<<<<

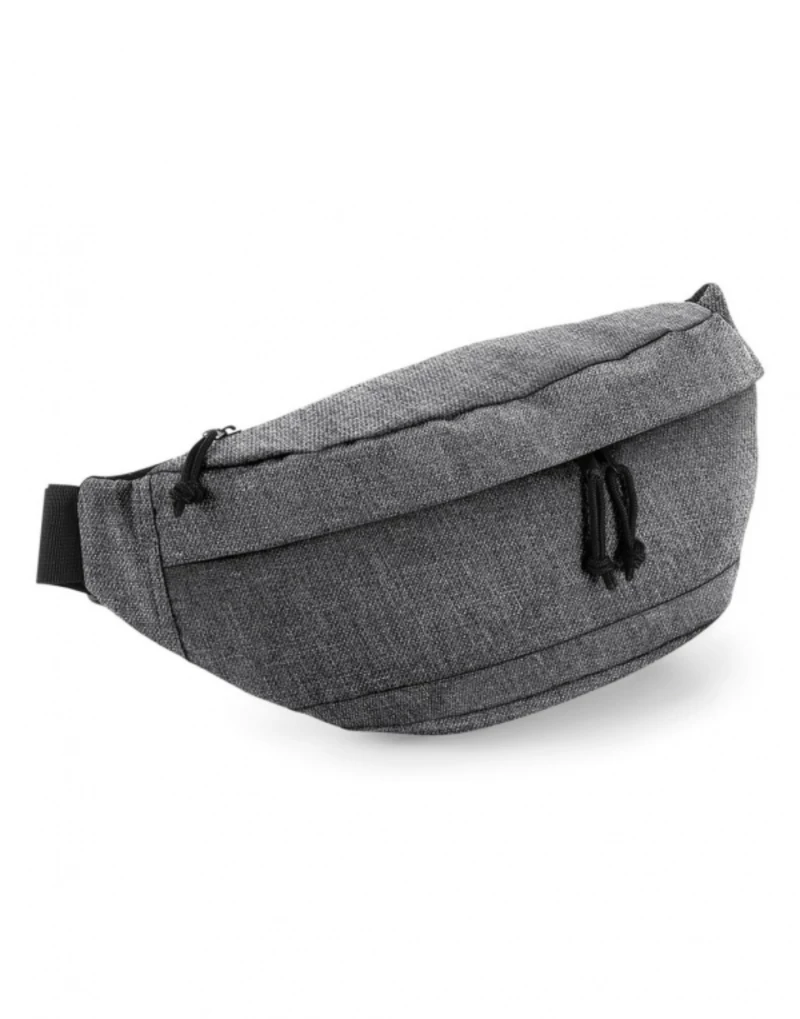 Τσάντα Across Body Bag BBW945-Γκρι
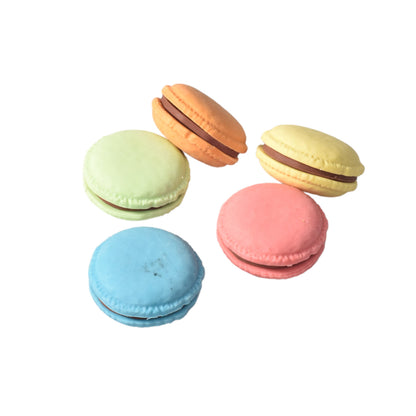 BORRADOR MACARRON DIM:8.5*3.5CM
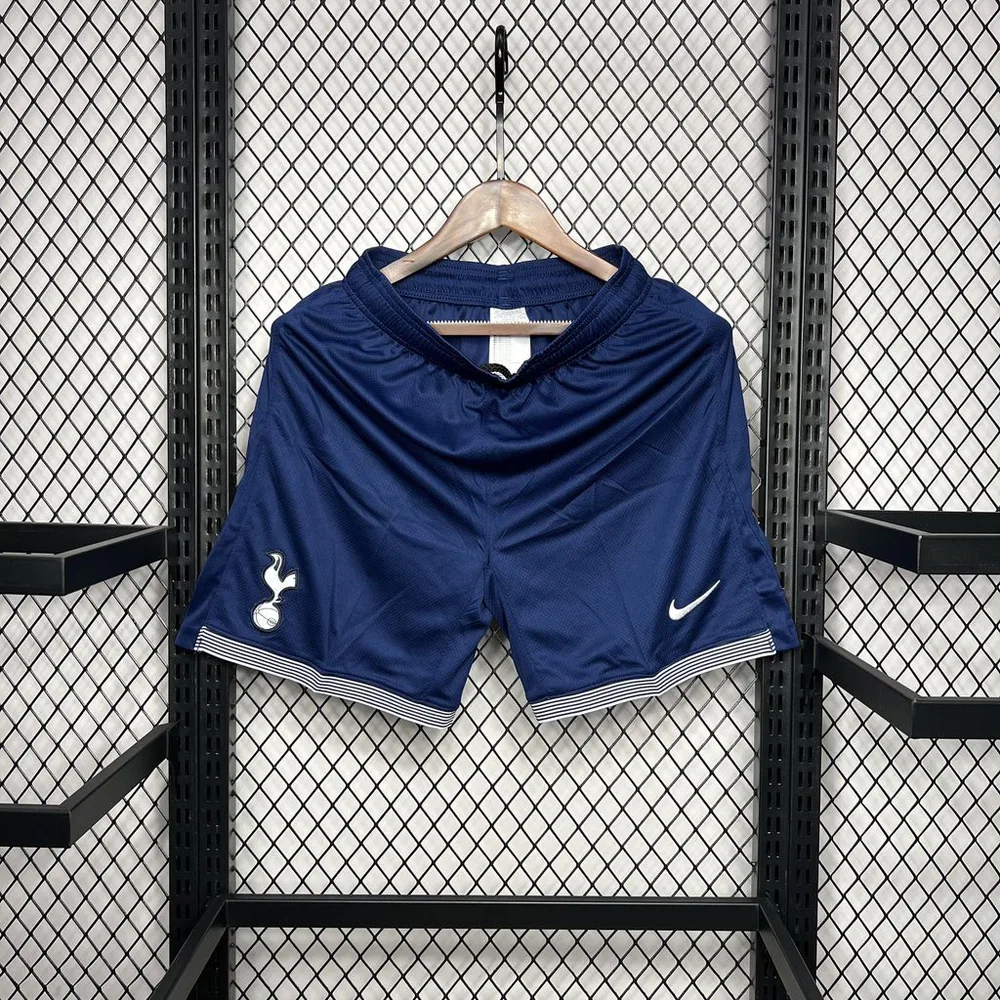 2024/2025 Tottenham Home Shorts — main view
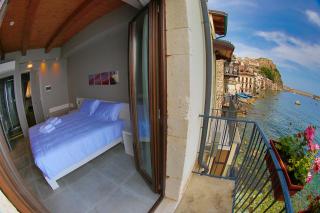 Il Casato Deluxe Rooms - Scilla - 1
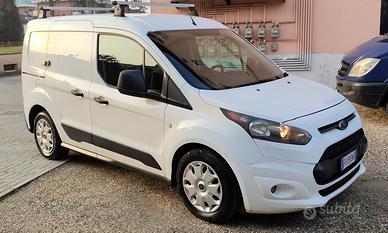 Ford Transit Connect 1.5 TDCi 120CV Trend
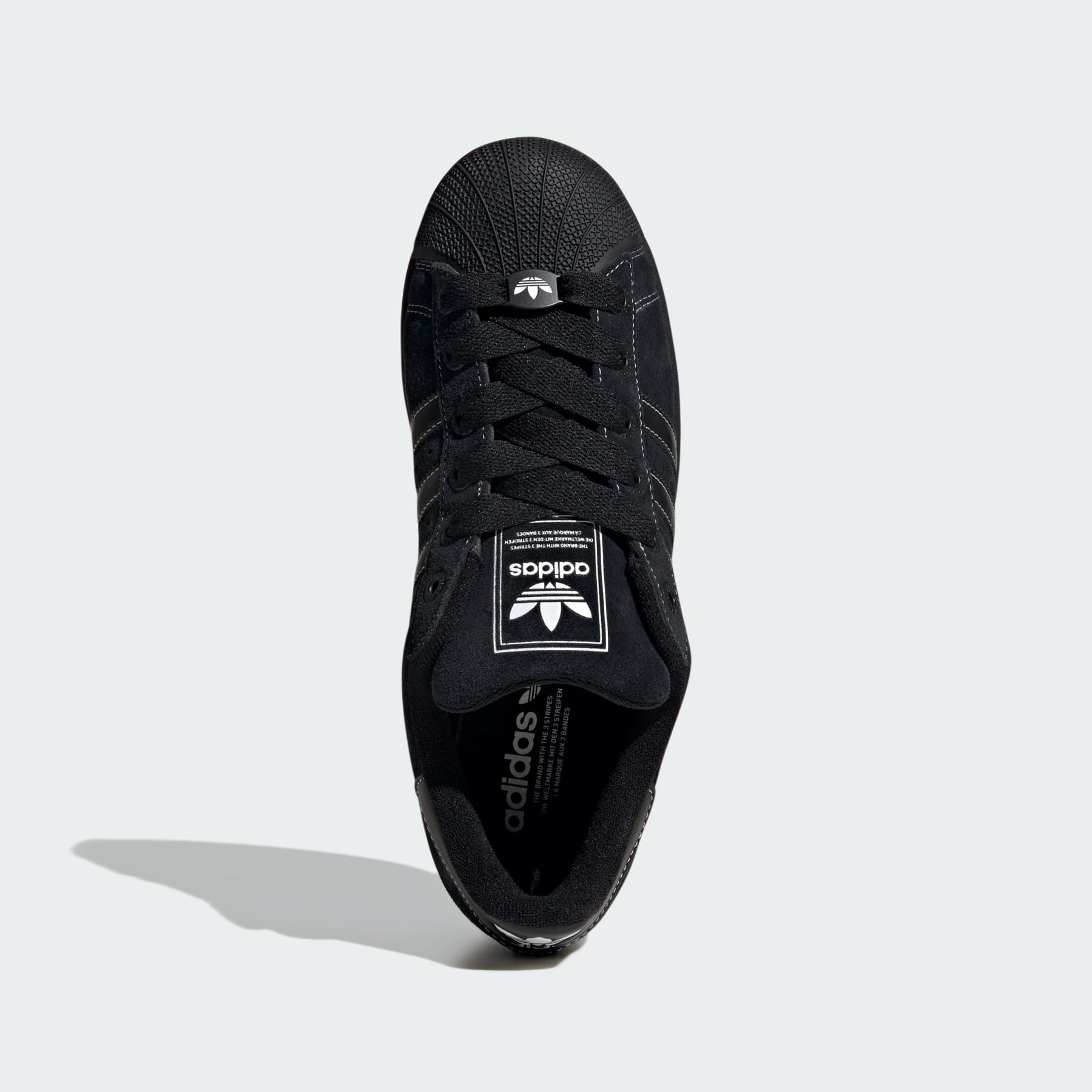 Superstar II Shoes - 3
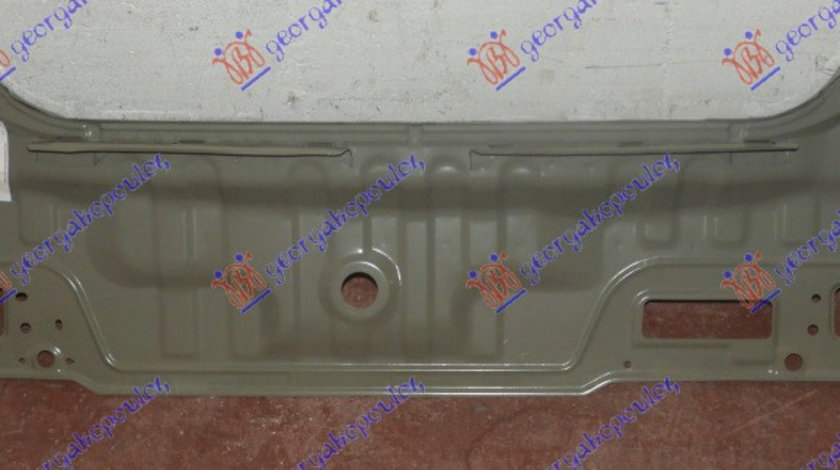 Trager/Panou Spate Hyundai Accent Sedan 2006-2007-2008-2009-2010-2011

>>>>

Keep every word of the material exactly as given. Drop the pictures.

 Τσάντα Across Body Bag BBW945-Γκρι
 BORRADOR MACARRON DIM:8.5*3.5CM
 2024/2025 Tottenham Home Shorts — main view
 Il Casato Deluxe Rooms - Scilla - 1
 Ford Transit Connect 1.5 TDCi 120CV Trend
 Superstar II Shoes - 3
 Trager/Panou Spate Hyundai Accent Sedan 2006-2007-2008-2009-2010-2011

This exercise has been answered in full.